High-end (RTX 4090 / A100)

Provider: CUDA + TensorRT conversion
Good for: SwinIR-L, HAT-L, EDVR-M temporal, GFPGAN pipeline
Config: Max Concurrent Streams = 2, pre-processing cache on NVMe
Expect: Near real-time 4× on any model

CPU-only NAS (e.g. Synology DS920+)

Provider: CPU (:latest-cpu image)
Good for: Overnight batch upscales of an anime library with fsrcnn-x2/espcn-x4
Config: Scan & Upscale Library scheduled at 3 AM, pre-processing cache on the biggest pool you have
Expect: Hours per feature-length file. This is batch, not live.

Jellyfin-side hardware acceleration

Orthogonal to the AI upscaler — Jellyfin still handles decoding the source file and encoding the final MP4 itself.

Decoders: NVDEC, QSV, VAAPI all work unchanged.
Encoders: the plugin exposes 12 codec options with tuned defaults (see Config → Output Codec).
Tonemap: HDR→SDR via tonemap_cuda / tonemap_opencl handled by Jellyfin's stream path, runs before the upscale filter.

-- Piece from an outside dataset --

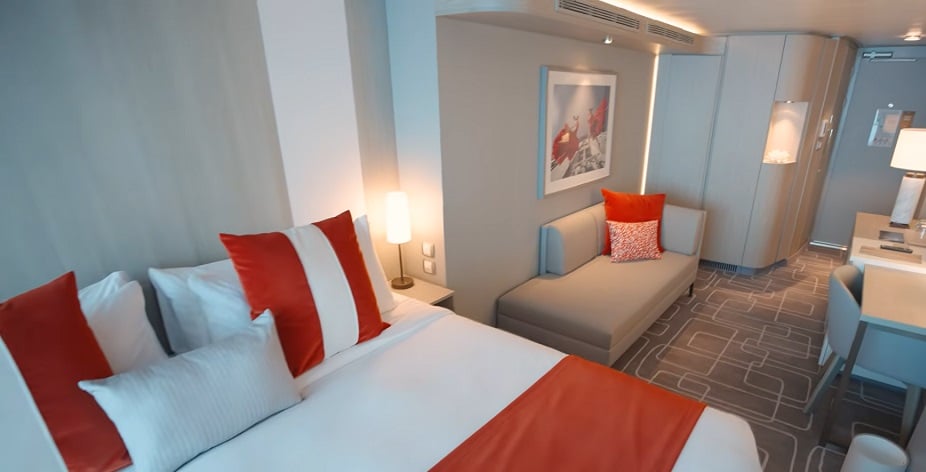 Celebrity Ascent Cabin Interior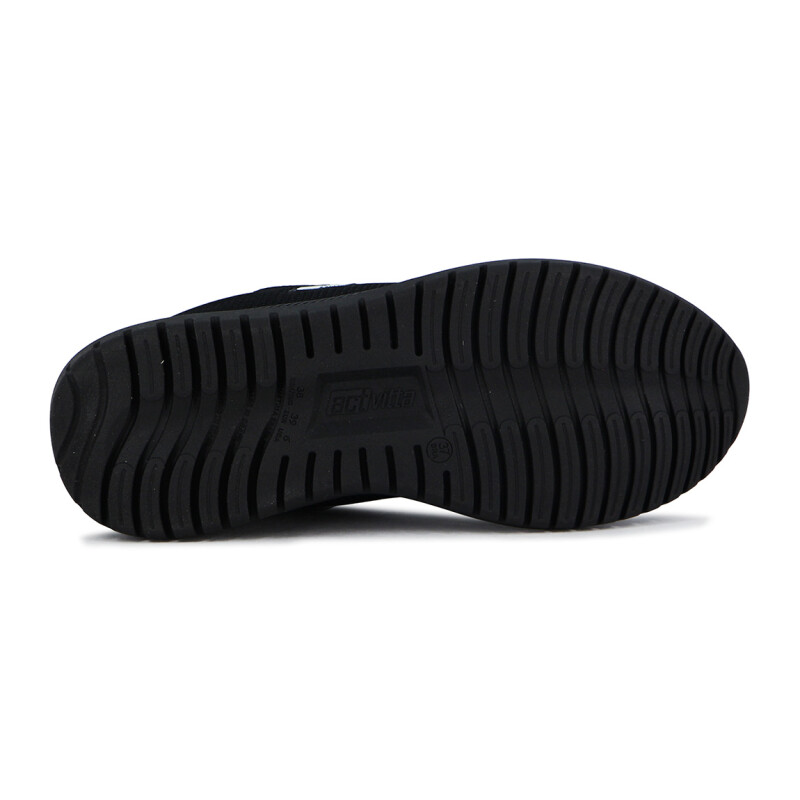 Actvitta Calzado Deportivo Hombre Acordonado-black Negro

Remote transcoding (optional)

Set Enable Remote Transcoding and the plugin installs a wrapper script that redirects Jellyfin's FFmpeg invocations to the AI service host over SSH. Use this when your Jellyfin server has no GPU but a separate desktop on the LAN does.

POST /Upscaler/wrapper/install
# generates on-disk next to the plugin DLL:
#   Linux : upscale-wrapper.sh
#   Win   : upscale-wrapper.bat + upscale-logic.ps1

Prereq: password-less SSH from Jellyfin host to the GPU host, with ffmpeg on the $PATH at the remote end.